> PROVIDED RECORDS:
╭──
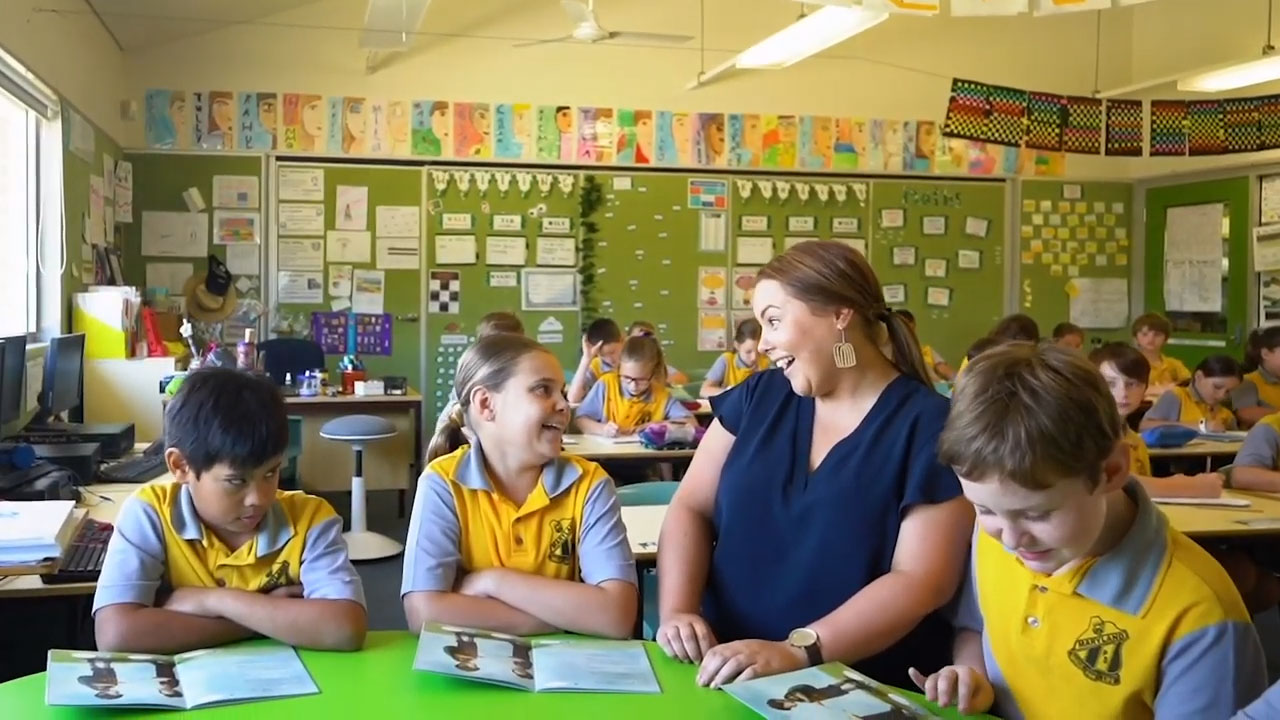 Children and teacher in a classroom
╰──
╭──
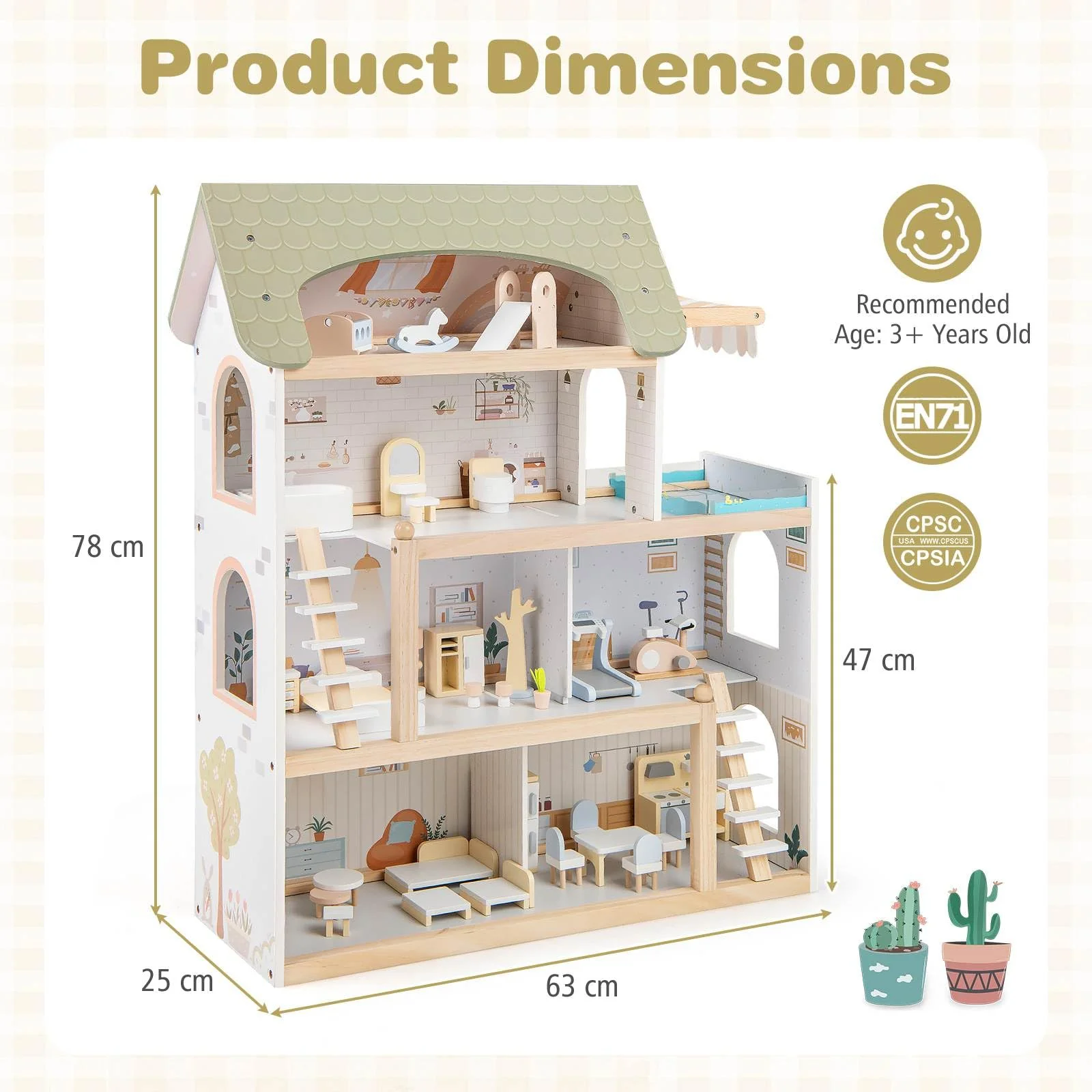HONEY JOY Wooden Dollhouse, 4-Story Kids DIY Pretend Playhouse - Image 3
╰──
╭──
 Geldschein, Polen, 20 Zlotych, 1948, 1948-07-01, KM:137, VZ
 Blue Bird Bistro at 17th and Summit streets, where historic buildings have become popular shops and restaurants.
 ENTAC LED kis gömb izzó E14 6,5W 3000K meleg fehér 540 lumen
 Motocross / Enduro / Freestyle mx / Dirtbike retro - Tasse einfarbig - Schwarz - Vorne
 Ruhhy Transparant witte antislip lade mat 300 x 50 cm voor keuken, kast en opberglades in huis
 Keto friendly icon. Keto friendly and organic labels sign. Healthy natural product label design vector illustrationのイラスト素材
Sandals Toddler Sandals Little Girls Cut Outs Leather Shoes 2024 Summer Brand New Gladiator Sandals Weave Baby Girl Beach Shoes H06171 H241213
╰──
> DIRECTIONS FOR THIS TASK:
Taking the listing above as the source, transcribe only the lines starting at the line with "Geldschein, Polen, 20" and going through the line with "ENTAC LED kis", unaltered and with both ends included.

> ANSWER BELOW:
 Geldschein, Polen, 20 Zlotych, 1948, 1948-07-01, KM:137, VZ
 Blue Bird Bistro at 17th and Summit streets, where historic buildings have become popular shops and restaurants.
 ENTAC LED kis gömb izzó E14 6,5W 3000K meleg fehér 540 lumen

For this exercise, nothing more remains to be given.